# Data Model telling me there are duplicates I can't find



## Moxie425 (Jun 12, 2018)

Trying to make a connection from a data table to a lookup table. Everytime I do I get the following message: "The relationship cannot be created because each column contains duplicate values. Select at least one column that only contains unique values."

I cannot find any duplicate values in the look up table column. I have even gone to the data source (excel worksheet) to run the delete duplicates function and it says no duplicates found. I also initially found an empty row in the table and deleted it and then reloaded the data. It showed one less row was loaded from before so that row is no longer in the data model but still getting the error. This is a text column to text column lookup. Help!


----------



## gazpage (Jun 13, 2018)

Did you check for blanks? Did it bring in blank rows at the bottom, or between rows?

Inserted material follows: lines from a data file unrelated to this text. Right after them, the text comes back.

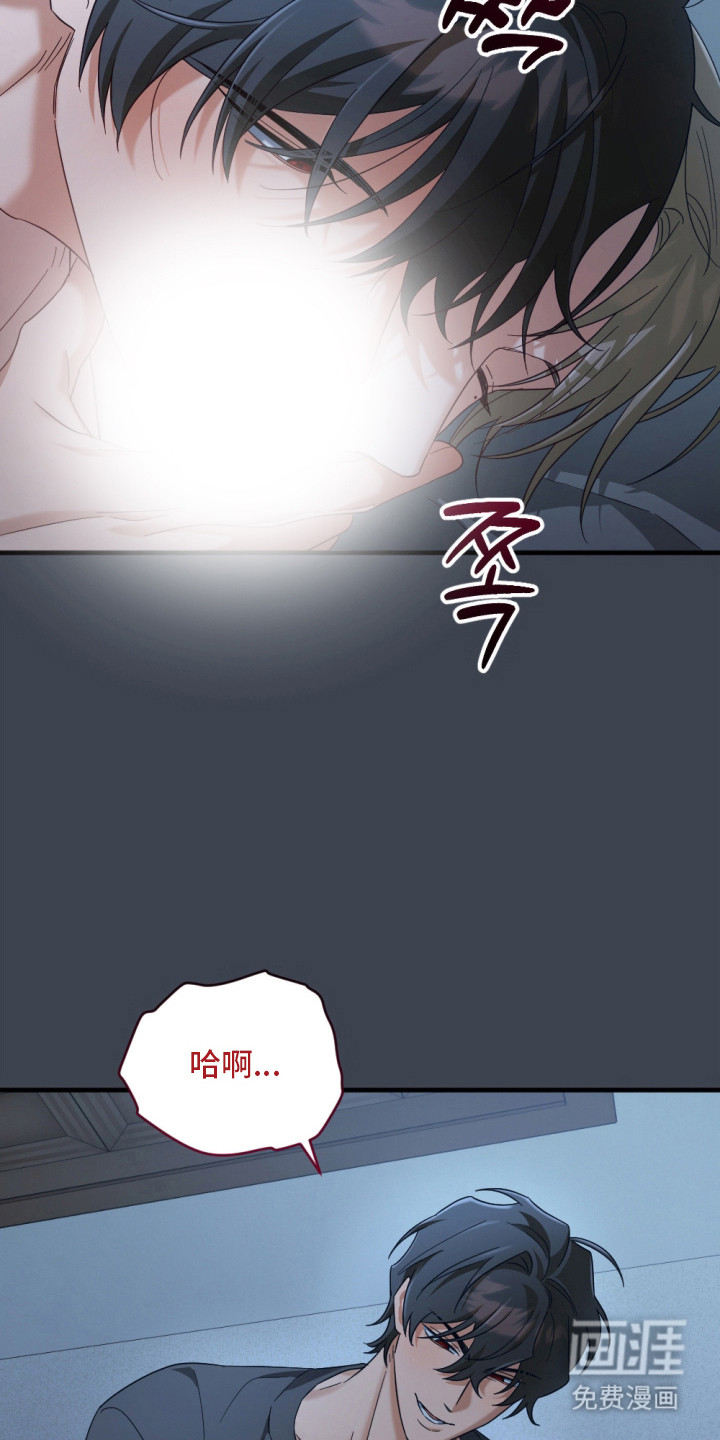 演员请就位漫画-图20
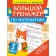 Large simulator in mathematics grade 3. Uzorova Olga Vasilievna, Nefedova Elena Alekseevna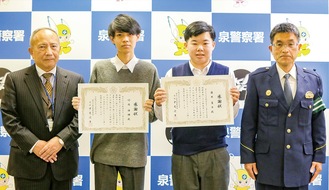（左から）秀英高校の松本校長、竹内さん、藤井さん、甲斐署長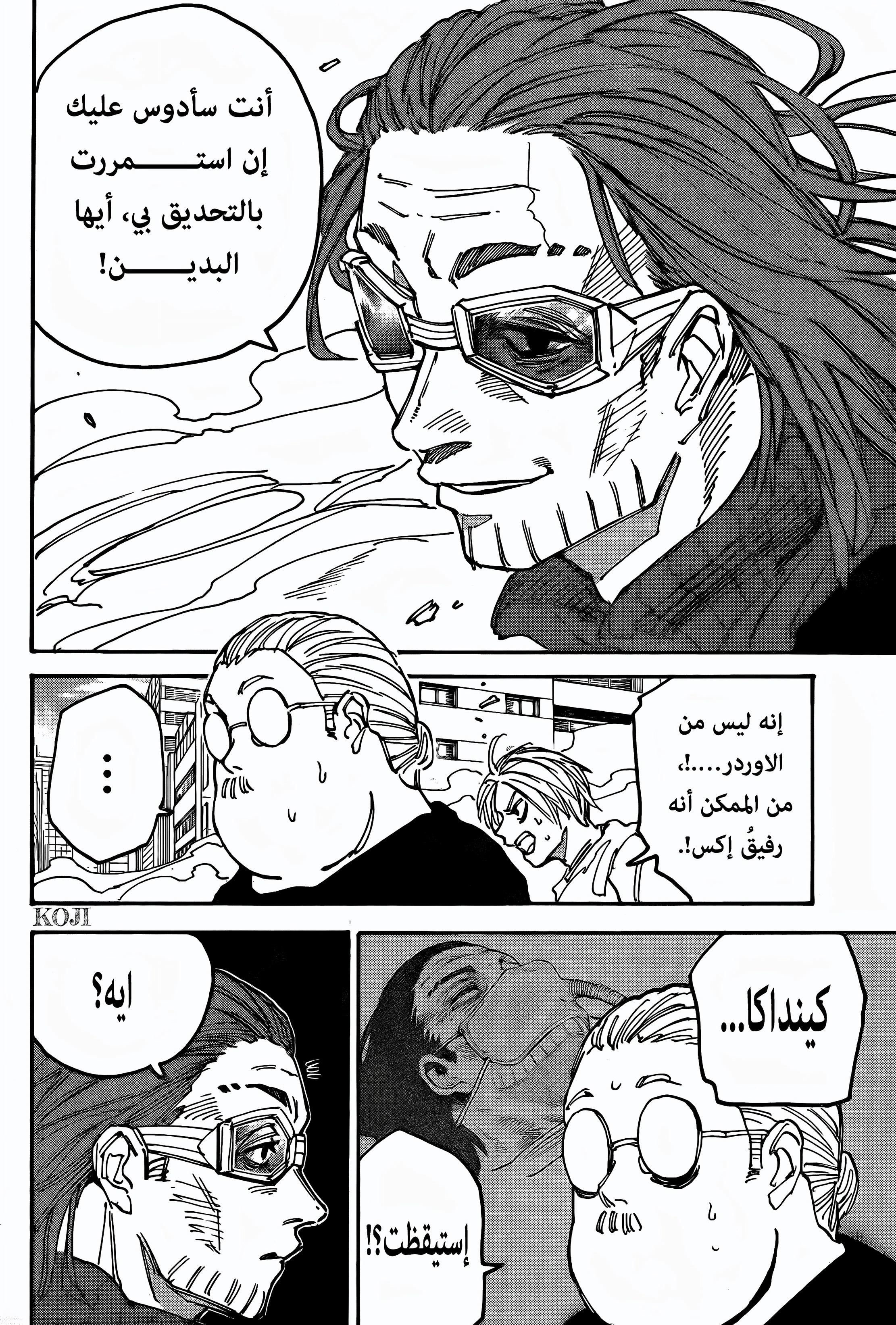 Read Sakamoto Days ar Manga Online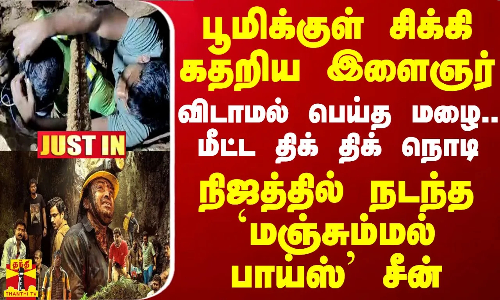 பூமிக்குள் சிக்கி கதறிய இளைஞர்.. விடாமல் பெய்த மழை.. மீட்ட திக் திக் நொடி - `மஞ்சும்மல் பாய்ஸ் சீன்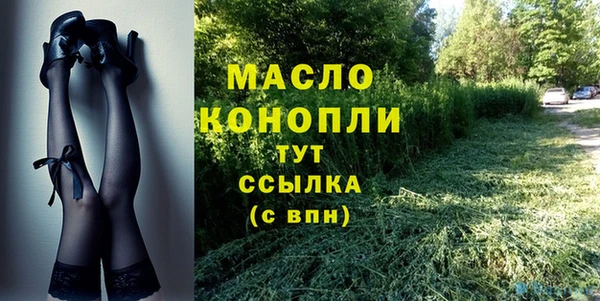 ECSTASY Бугульма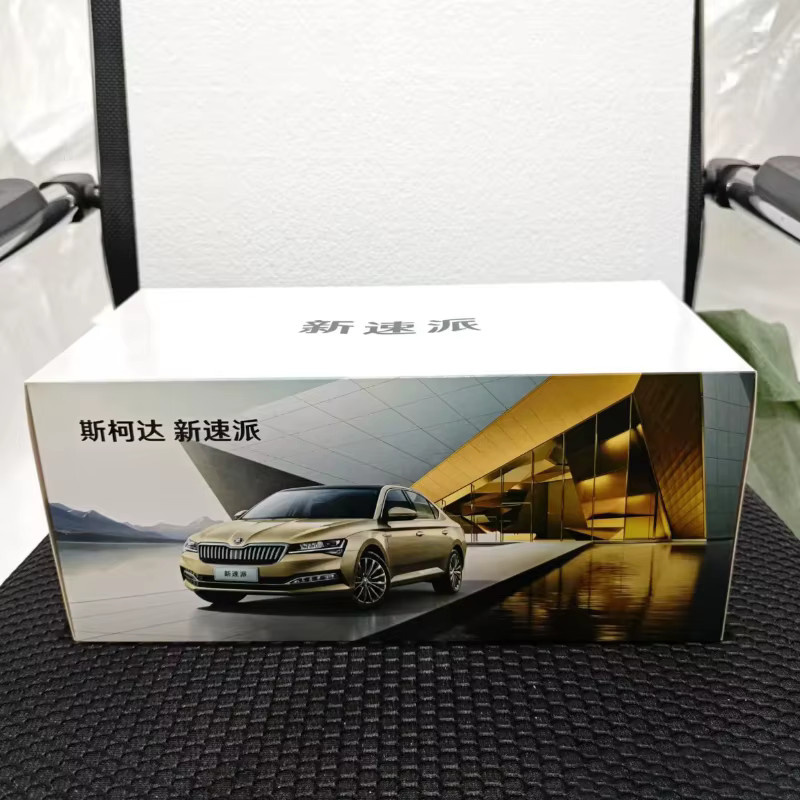 WELLY Skoda Superb Modell Auto, 1:18, Metall, Grau, ab 14 Jahre - Bild 4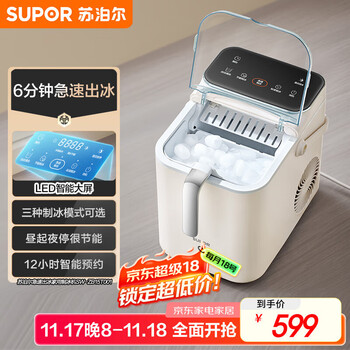 苏泊尔 制冰机 智能预约 昼起夜停自清洗SW-ZB15T001 配冰篮+冰铲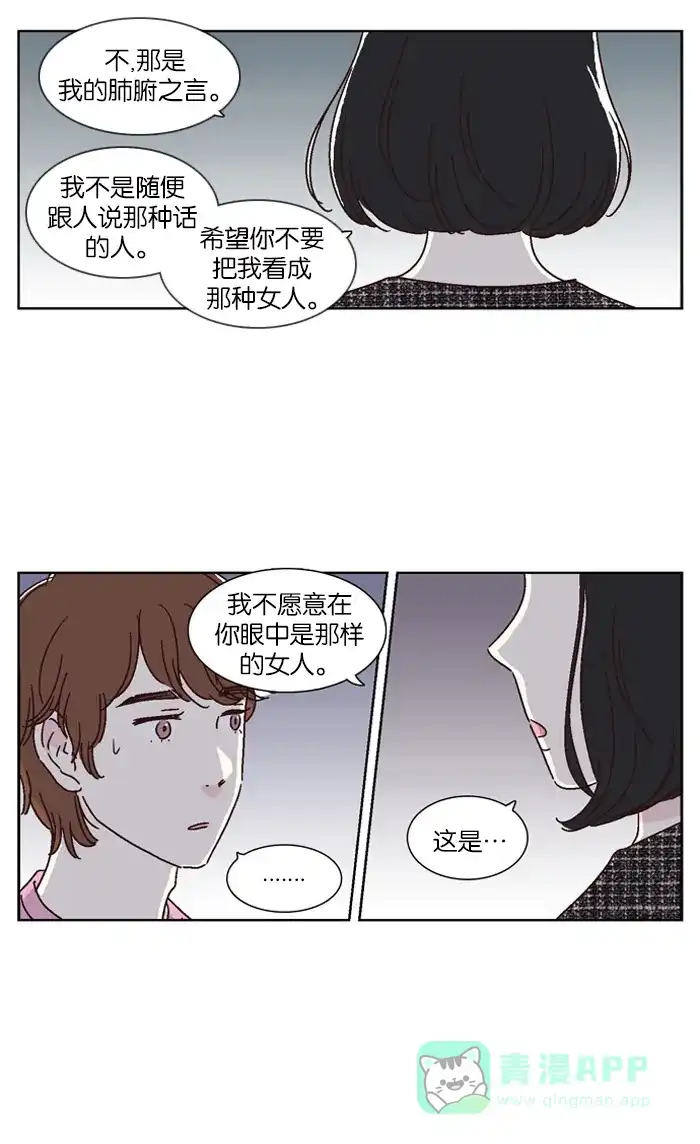 《我们，分手了》第23话 第9页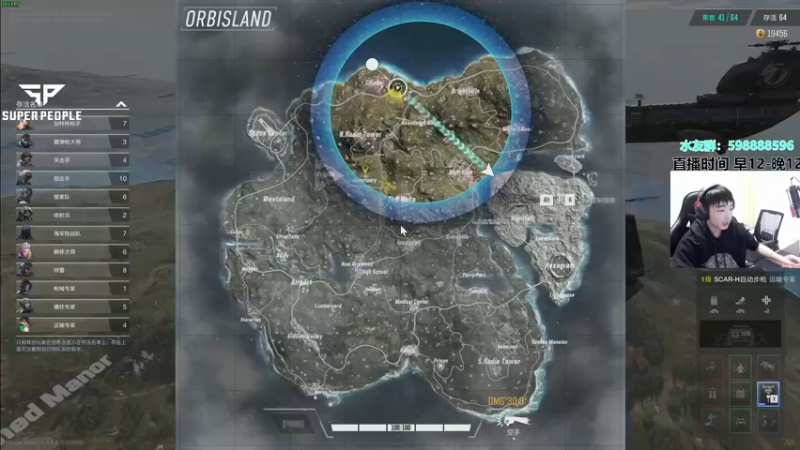 【2021-12-29 17点场】北方ya：【直播】新赛季开始冲分！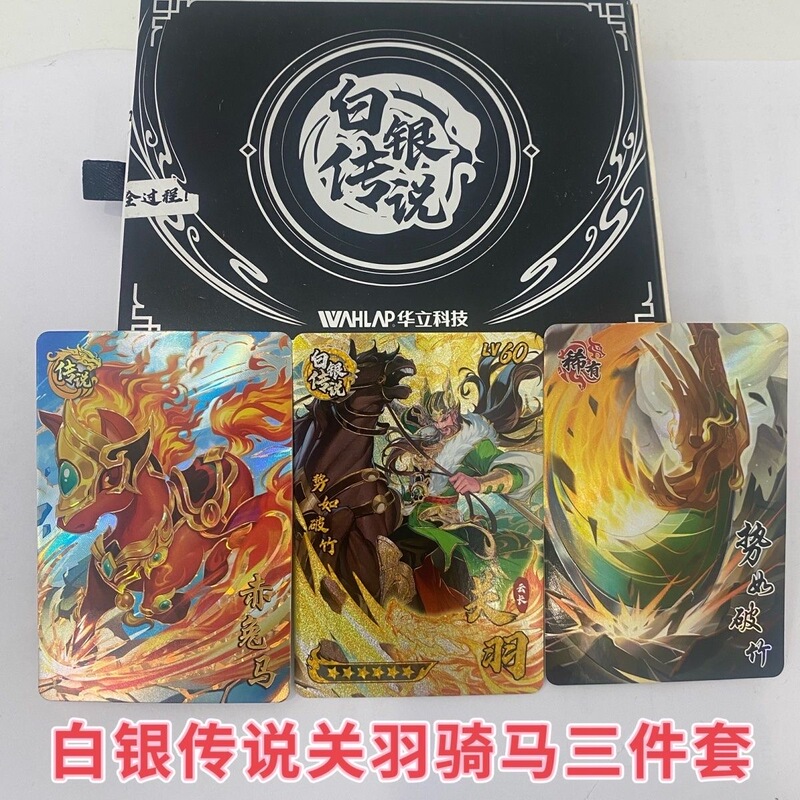 (Exquisite) Three Kingdoms Fantasy Battle Silver Legend Guan Yu Riding Horse Three-Piece Set, All Fully Upgraded, Ready to Ride and Fight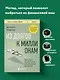 Из долгов к миллионам. Простая технология исполнения желаний - фото 4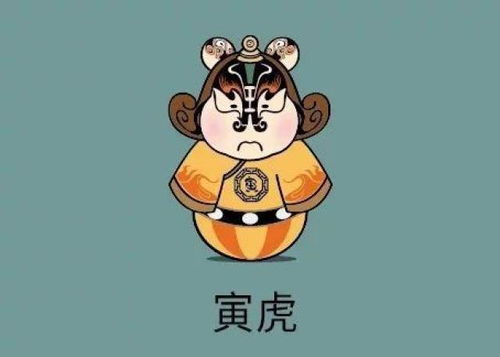 二八二九随君挑，嫌肥挑瘦指何生肖？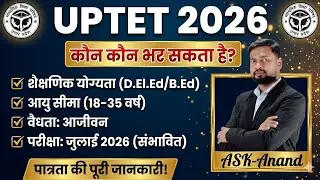 Who can fill UPTET 2026? | Eligibility Criteria, Age Limit & Exam Date | Full Details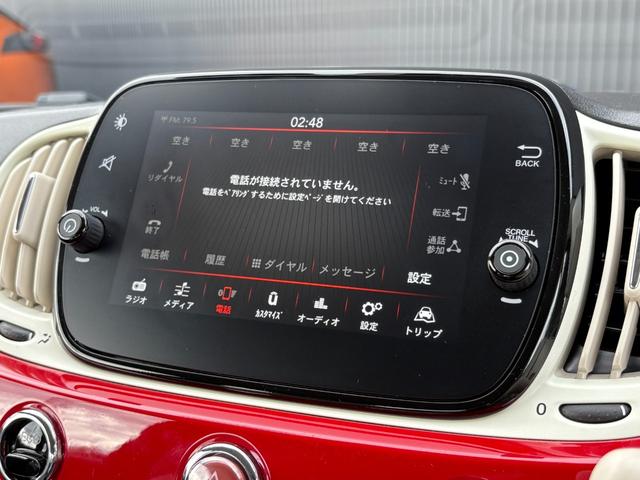 500 ツインエア ポップ 後期型 U-Connect ディスプレイオーディオ AppleCarPlay USB Bluetooth 社外14inchホワイトAW ホワイトアウタードアハンドル 純正前後ドラレコ ETC キーレス(34枚目)
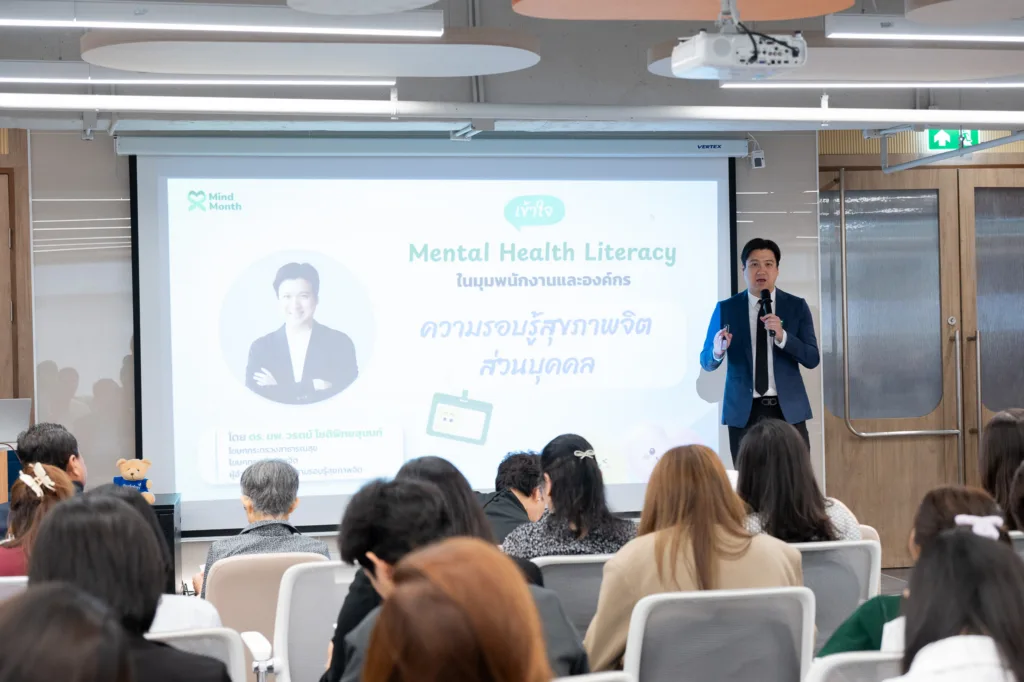 Chula Leads Mental Health Literacy Workshop for Healthy Workplaces 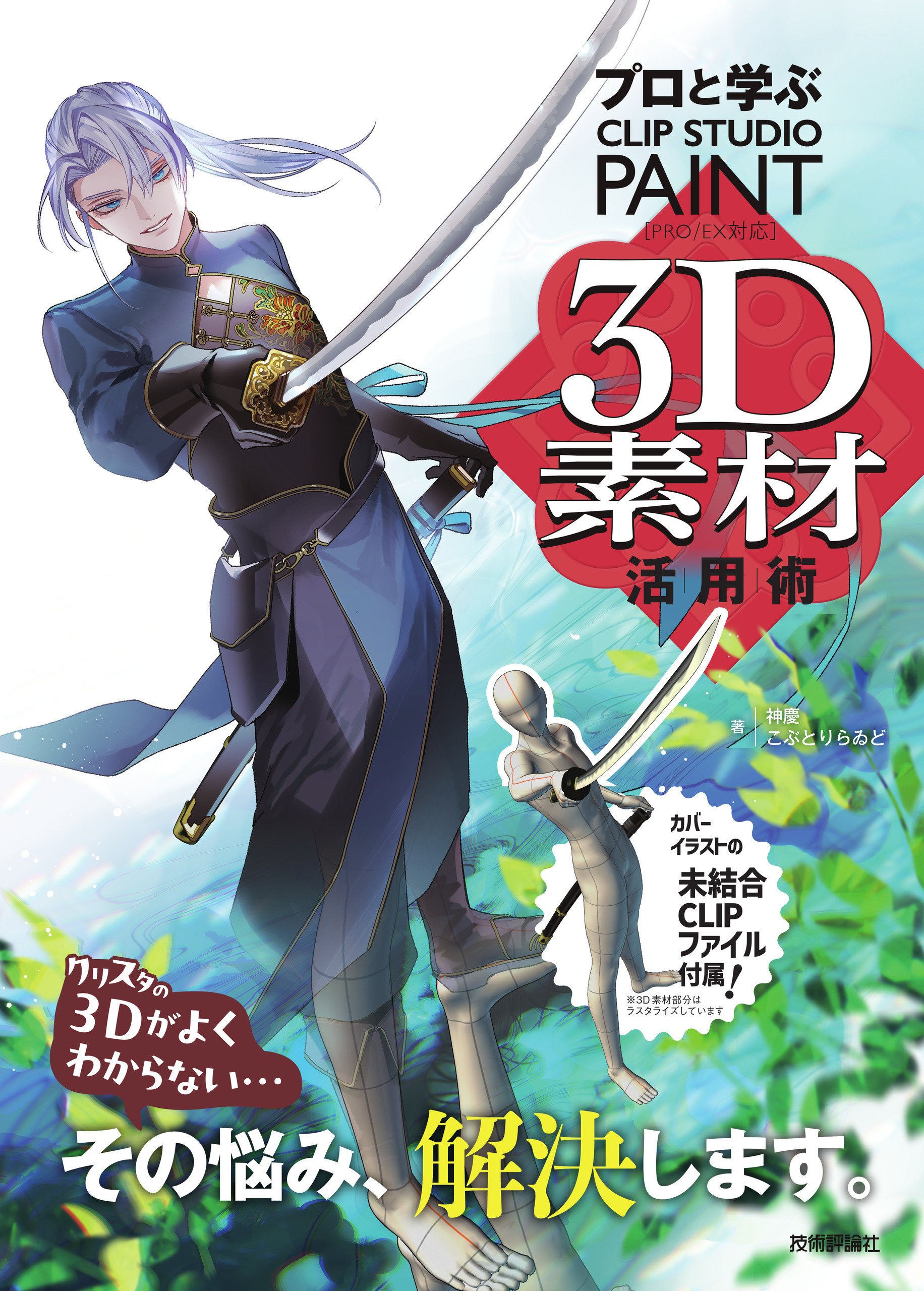 今年からはじめる！ イラスト技法書プレゼントキャンペーン｜技術評論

Otherwise you could create a query that just returns the column you would expect to have no duplicates, create another query where you use the remove duplicates function, and then merge the two queries with an anti-join to see what is left.


----------



## macfuller (Jun 13, 2018)

Also make sure when you eliminate duplicates in Power Query that you are turning off case sensitivity - PQ default is opposite that of Power Pivot.

Example:

xxx = Table.Distinct(PreviousStep, {Field Name, Comparer.FromCulture(Culture.Current, true)})


----------



## bkjohn2016 (Jun 16, 2018)

I had a similar problem a while back.  Have you tried cleansing for whitespace?  Go to your excel table and wrap the column in =Clean(Trim(TextField)).  I would then apply conditional formatting to the new column to highlight duplicates to see if it produces any results.


----------